Congress has no formal role in the Phase One deal, and the decision to stay in or withdraw lies with President Trump. The agreement provides the parties with some flexibility for leniency, but only if both sides agree. We continue to believe that until President Trump and his team publicly criticize China for noncompliance, the Phase One deal is likely safe.
Senator Elizabeth Warren (D-MA) and twelve other Democratic Senators sent letters to JetBlue and Delta criticizing their decision to cut employee hours after receiving financial assistance under the CARES Act. Calling the airlines’ decision a “blatant and potentially illegal effort to skirt [CARES Act] requirements to keep workers on payroll,” the Senators maintained that cutting hours equates to a reduction in pay rates and benefits, which relief funds recipients are prohibited from doing under the law. The lawmakers asked the airlines to reverse their decision. They also asked questions about the airlines’ compliance with other provisions of the CARES Act, and whether they are consulting with workers and labor unions about changes in employee hours or benefits. The senators asked for a response to their inquiry by June 3.
A sixth person was charged yesterday with fraud related to the PPP and the Economic Injury Disaster Loan (EIDL) program. Like some others charged with PPP-related fraud earlier this month, this businessman sought PPP loans to pay payroll for hundreds of non-existing employees. According to the US Attorney’s Office for the Southern District of New York, the businessman applied to the SBA and at least five banks for loans under the PPP and EIDL. Additionally, the government alleges that he fraudulently told a COVID-19 test kit manufacturer and a medical equipment supplier that his company represented New York State and the Governor in procuring these items.
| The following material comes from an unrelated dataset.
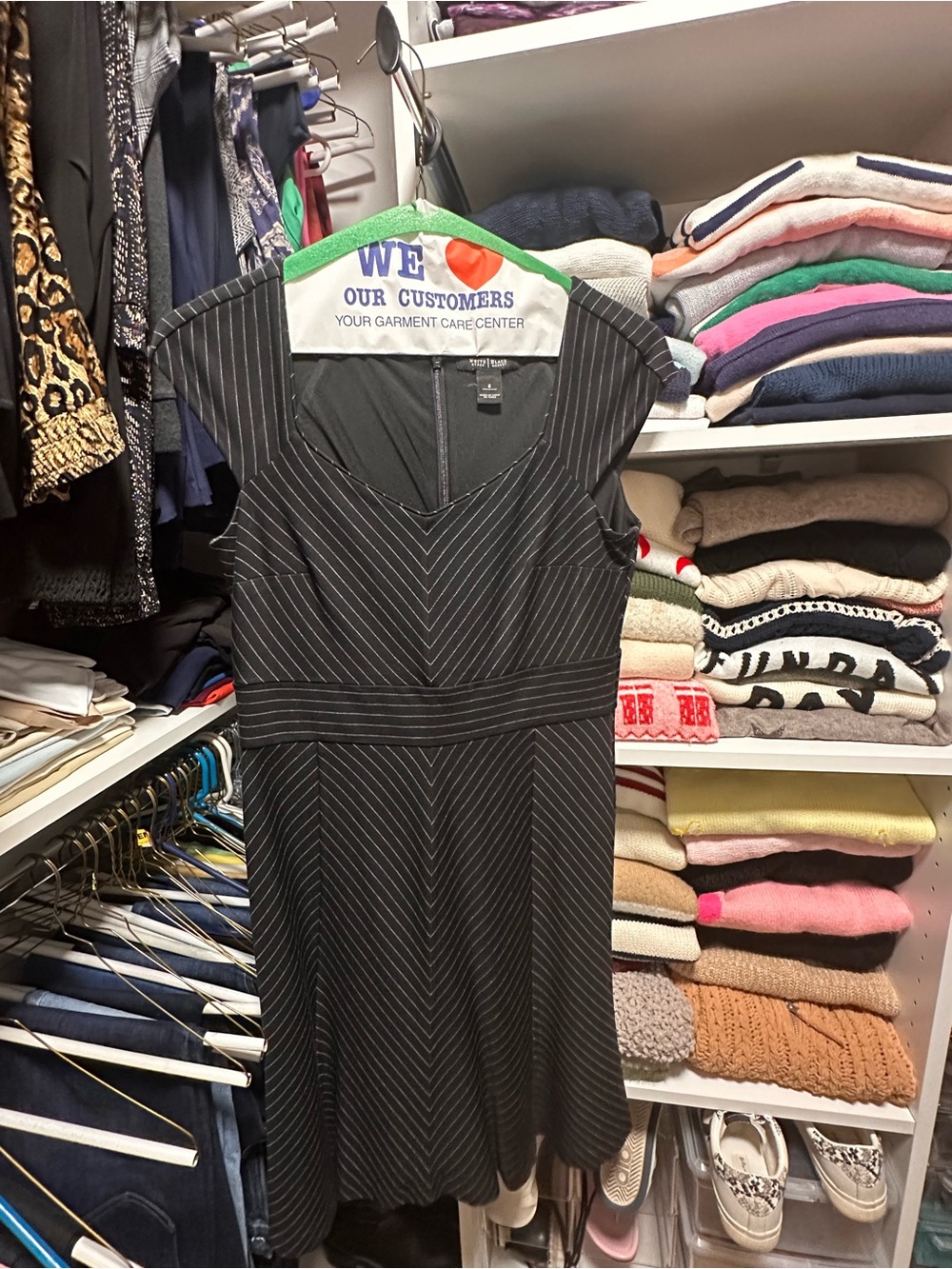 White House Black Market Black Pinstripe Fit-and-Flare Dress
The Inspector General of the Department of the Interior issued a flash report, highlighting lessons learned from previous work that are applicable to CARES Act oversight. The agency received US$756 million under the CARES Act. According to the report, companies lose about 5% of their revenue each year to fraud; that means an estimated US$37.8 million of the department’s CARES Act funds could be vulnerable to fraud. To combat this potential risk, the report detailed steps the department can take to minimize fraud, including: ensuring the use of the appropriate award vehicle; maximizing competition in the source selection process; ensuring that background research on and risk assessments of potential recipients are done; monitoring documentation and the use of funds by recipients; and reviewing recipients’ performance and financial reports.